Flats-Fat Cats Go Down Alleys Eating Babies Sharps-BEAD Go Catch Flies You only have to remember one because they are the same order, just reverse. You could use anything to remember it.
This is the basic order of the notes (click to enlarge and zoom out to make sure you see all letters). If you are singing, the sharps and flats will affect where your "do" is.
You will notice that as you add on sharps/ flats they start to make a line of triangles. Do NOT think that they are forming parallelograms, it will mess you up.
Sharps mean that you are making the key higher, flats mean that you are lowering it. The two basic keys, F and G are made with one flat (F)/ one sharp(G).
In this picture you can see that it is in the key of F, there are 4 beats in a measure, and a two beat rest. The only flat that is in the key of F is on the B line. (This is just music common sense.)
For a rest there is no sound and it is just beats of silence. A rest still must be counted as a beat in the time signature. It takes up space in the measure.
This may be one of the most questionable parts, but there isn't much reason for key of F only having one flat on the B LINE. There IS a reason for almost all the other keys except for F and C (flat).
This is the key of G. There IS reason to why the sharp is on the F line, sharping the F. The sharps method is...
1) Look at where the sharp is 2) identify what note it rests on 3) GO UP ONE NOTE (using your order of sharps) 4) whatever note you landed on IS the key you are in. *if you go 1 up from F, it is G*
There is not a reason like this for F or C. Well, there may be one that the maker of music created that you may learn in music theory. (Please comment if you know).
The key of C has absolutely NO FLATS OR SHARPS. You may also learn that on music theory (I'm not in it).

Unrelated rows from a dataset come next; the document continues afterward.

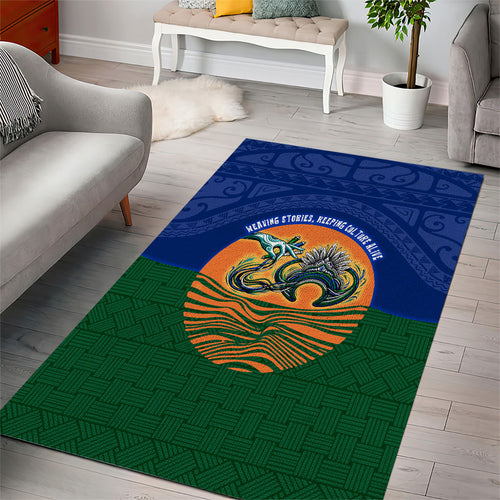 Torres Strait Islanders Day Traditional Dhari Headdress Area Rug Indigenous Australian Tribal Weaving Pattern Culture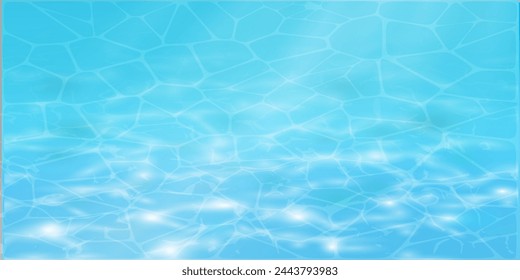 Abstract background of blue water in a swimming pool. Vector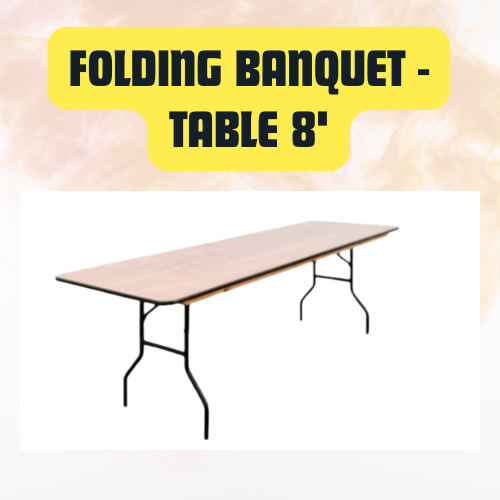 Folding Banquet Table Rectangle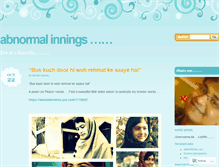 Tablet Screenshot of abnormalme.wordpress.com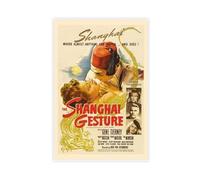 Poster su tela con il gesto di Shanghai, iconico film vintage, decorazione per camera da letto, ufficio, camera da letto, regalo, 60 x 90 cm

If you've gotten a little confused along the way here is a refresher. To find the notes on a line, the order is ABCDEFG repeat. It does not go to H. A starts on the second space, B is the line up, etc
No matter what, abcdefg & repeat will always be in the same order. The key signature (sharps/flats) moves the notes/pitches up and down the set of 5 lines. They stay in the same order.
Now that you know how to use keys signatures and figure out notes, let's move onto the actual notes. There are several different types of notes. Notes are what fill the measures and tell the pitch.
A quarter note is worth a 1 whole beat in a measure.
This is what a half note looks like. It is worth 2 beats and is bigger than a whole note.
An eighth note is half of a quarter note and is smaller. You might get this confused with an actual half note. A half note is not half the length, it is double.
Eighth notes that are paired look like this. When you are counting the rhythm, you will count the second one as an "and".
A quarter rest is 1 while beat of nothing. Just like the quarter note, except no sound.
This is the basic structure of the notes. Hopefully this will help you understand a bit more.
The whole note looks a little funny but it is worth 4 beats. It completes a while measure.
I could get into more details but then this guide would be way too long. I hope you understand the basic rhythm, keys, notes, etc.
I am not a professional so feedback is welcomed! I am ready for any improvement!